8. Which brings us to Paul Feldman's latest twist, his malarky that the 'original Will had an Affidavit of Due Execution attached to it.' If I describe this as childish invention, take it that I'm being polite! This looks like a desire to be right at any cost and involves a deliberate abuse of a snippet of information first found in the newspaper reports of 30 July 1889. The clerk reading out the Will did no more than provide the reporters with the name of the official supervising the Grant when he said:--"Affidavit of due execution filed T.E. Paget, District Registrar." As reported, this is not punctuated properly, thus it is not separated from the Granting statement, as it should be. That statement begins: "At Liverpool on the 29th July..." This can be confirmed by looking at the holograph and its copy. Even so, it is inexcusable to distort the meaning of these words, which in fact negate the very idea that the Will had anything attached to it. They state specifically that the Affidavit was FILED. Just so; all the Affidavits involved with this Will, together with the Bond, were filed in the Registry. This was standard practice and a legal requirement.

In brief, everything on public record does no more than allude to the standard filing procedures and confirms that the Will never had any other papers attached to it, since no such attachments were ever needed.

Feldman's conclusion, then, that "the Will that is currently at Somerset House cannot be the same document that was put forward for probate on July 29th 1889", can be shown to be nothing but bluster and folly.

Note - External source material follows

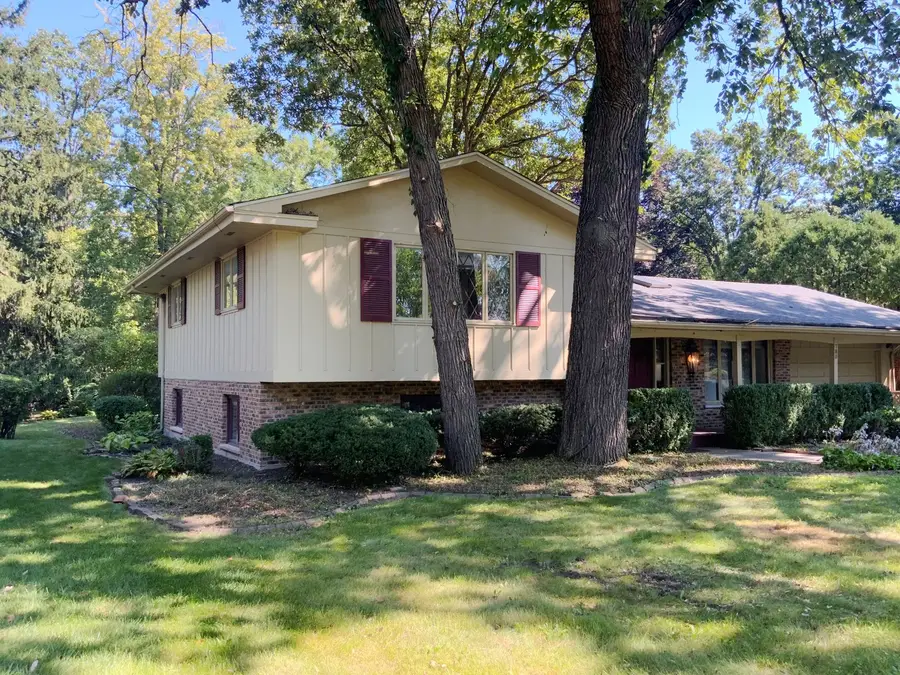 780 W Marywood Avenue, Aurora, IL 60505 - #3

Now that the facts are in front of you I ask you to consider the following questions. Are you really prepared to reject all the evidence now in your hands? Will you discard the evidence provided by the Registrar and recorded by the press at the time, in favour of the weird ideas used to rubbish this Will? Remember, Registrar Paget was in charge at the time; he authorised the Grant to the brothers on the very paper that I have seen, thus proving there was no Will in conflict; his verdict was never challenged; and the Will saw through to Grant stage is there at Somerset House, for anyone to examine and recognise as a perfectly sound legal document. And it was this document, and none other, that was further endorsed on the back in 1893.

It is a key document which on its own proves the 'Maybrick Diary' to be a crude forgery. It cannot be wished away. And no amount of money or verbal savaging can ever destroy its damning testimony.

Appendix Illustrations

Maybrick Will (Original)



Page 1


Page 2


Maybrick Will (Certified Copy)




Newspaper Reproductions (With Notes)



Readers should note that the versions of the Maybrick will printed in, THIS FRIENDLESS LADY by Nigel Moreland, and THE POISENED LIFE OF FLORENCE MAYBRICK by Bernard Ryan are both unfortuatley based on the false text found in Macdougalls book. And the version included in Shirley Harrisons book is inaccurare and has words missing. Furthermore Shirley Harrisons claim that in Dec 1888 Maybrick had torn up his will and written a new one is patently false, and is clealy contridicted by Florence Maybricks letter to her mother dated 31st Dec 1888.